Leur expérience leur donne les arguments pour torpiller ceux qui oseraient prétendre que le sport n'est pas lié à la politique en Russie.  

« Vladislav Tretiak est le président de la Fédération russe de hockey et il est un membre du parlement. Quand ils disent que le sport n'est pas de la politique, c'est totalement faux », a visé Kirichenko. 

« Je voudrais que les athlètes russes ne puissent pratiquer aucun sport. Parce que le sport est un gros outil politique pour la Russie ainsi que Poutine et son armée », a plaidé Babinets. 

Le peuple ukrainien a plutôt utilisé le sport de manière positive. Il va sans dire que son plus grand souhait demeure que cette guerre cesse pour de bon. 

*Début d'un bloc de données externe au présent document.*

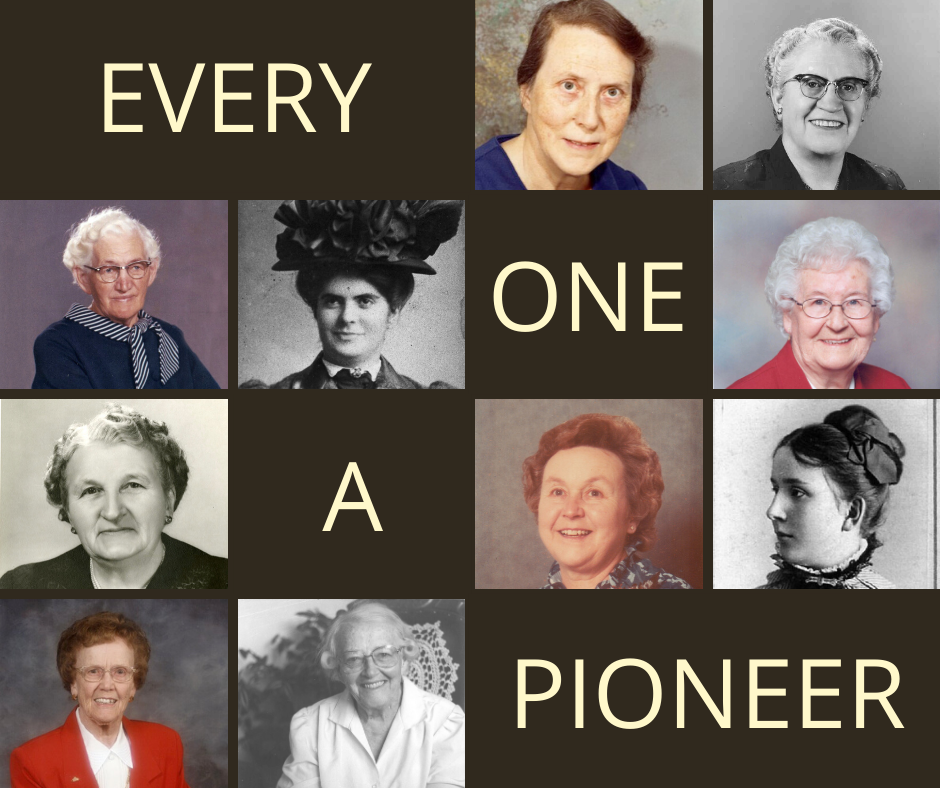 Every_One_a_Pioneer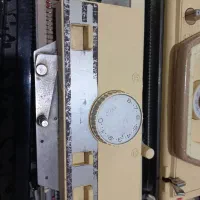 چرخ بافتنی مدل ۸۳۰برادر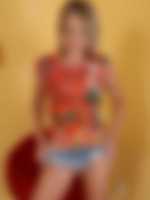 sex po miniinterupci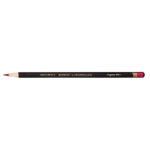 Magenta Derwent Chromaflow Pencil (0900)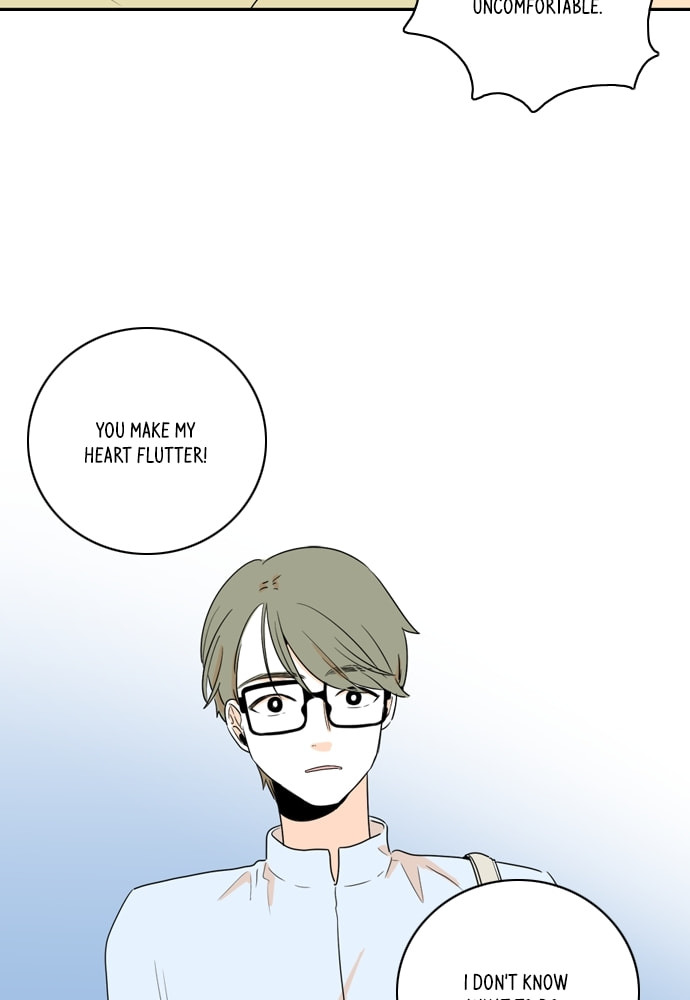 Read Our House chapter 66 image 33 on Lezhin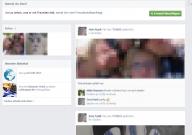 Angeh�ngtes Bild: fb_offen.jpg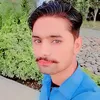 adnankyggbf
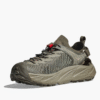 HOKA ONE ONE HOKA Sweat à capuche essentiel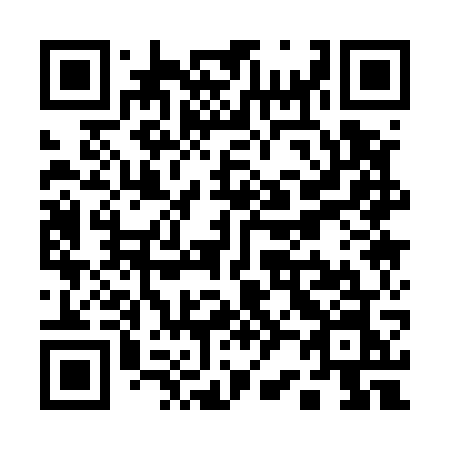 QR code for Q21-57N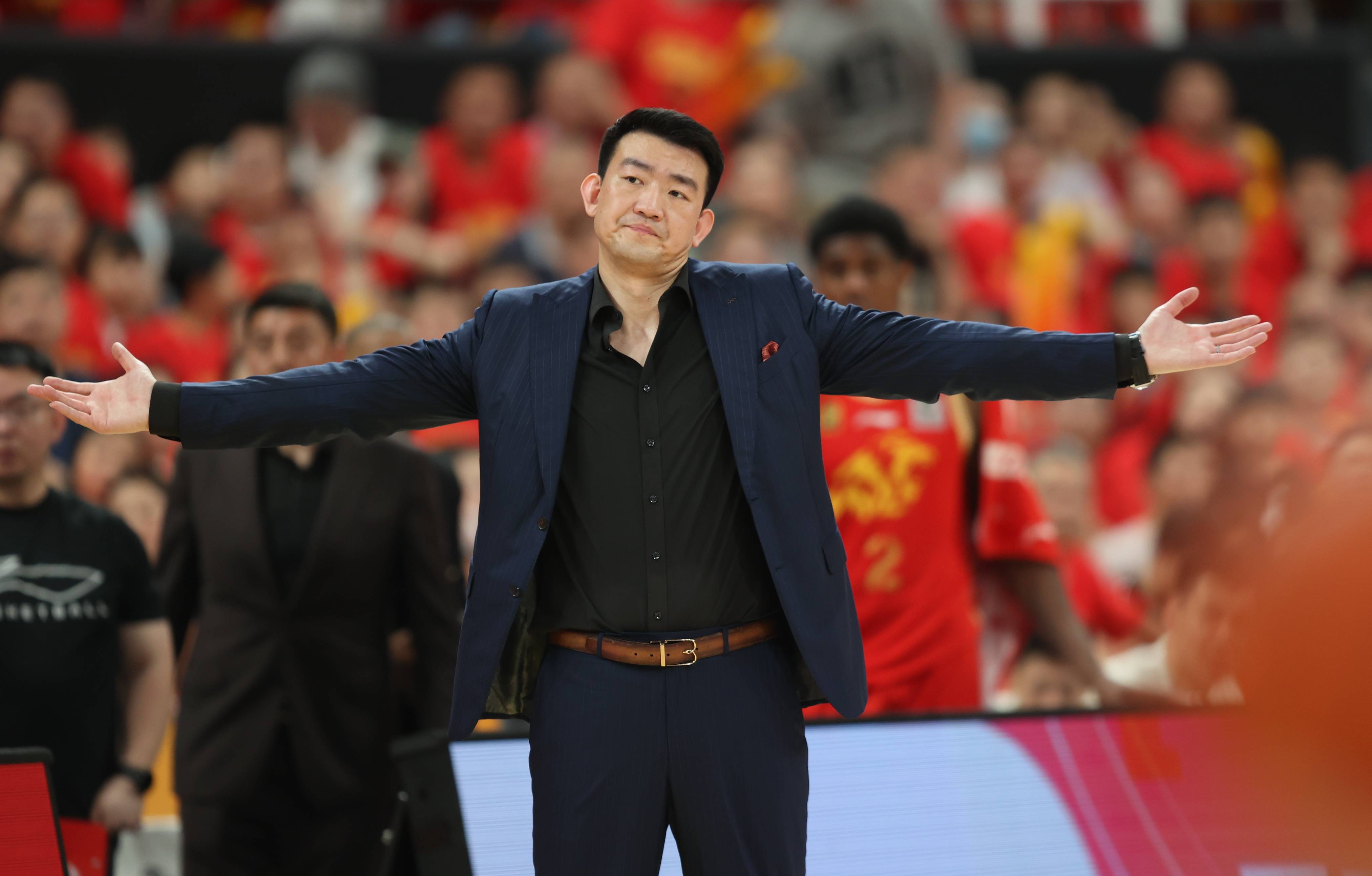 连击连防，实力球队卫冕CBA总决赛冠军，众望所归的简单介绍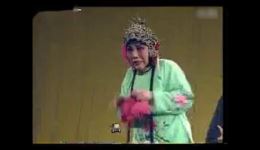 李双喜借粮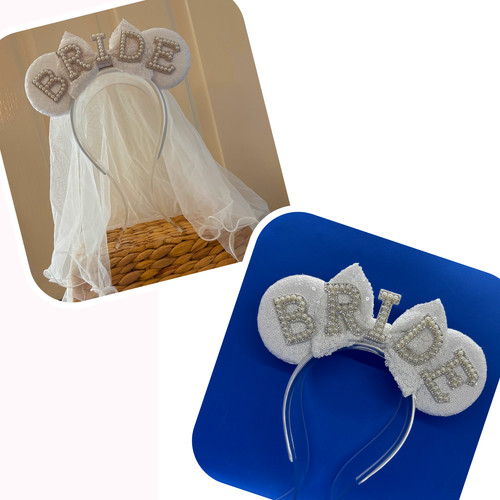 Disney inspired beautiful - inspired,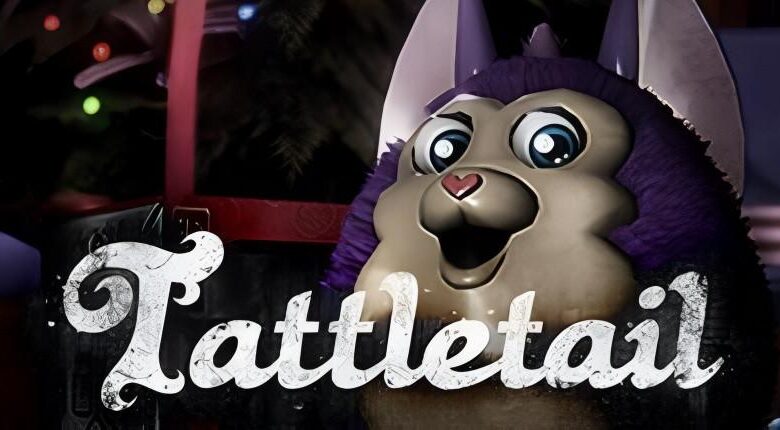 Tattletail_featured_final-preinstalled-the-dark-games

« Quand la guerre a commencé, ma première pensée a été de me dire ‘Nous sommes morts, ce sera la fin de l'Ukraine'. Je ne voyais pas comment on pouvait gagner. Mais, après un an, je crois qu'on peut y parvenir », a évoqué Babinets qui a conclu en remerciant les citoyens du Canada pour leur appui. 

*Avec la collaboration spéciale du Montréalais Eliezer Sherbatov qui a établi le contact avec Sergei Babinets et Vladimir Cherdak.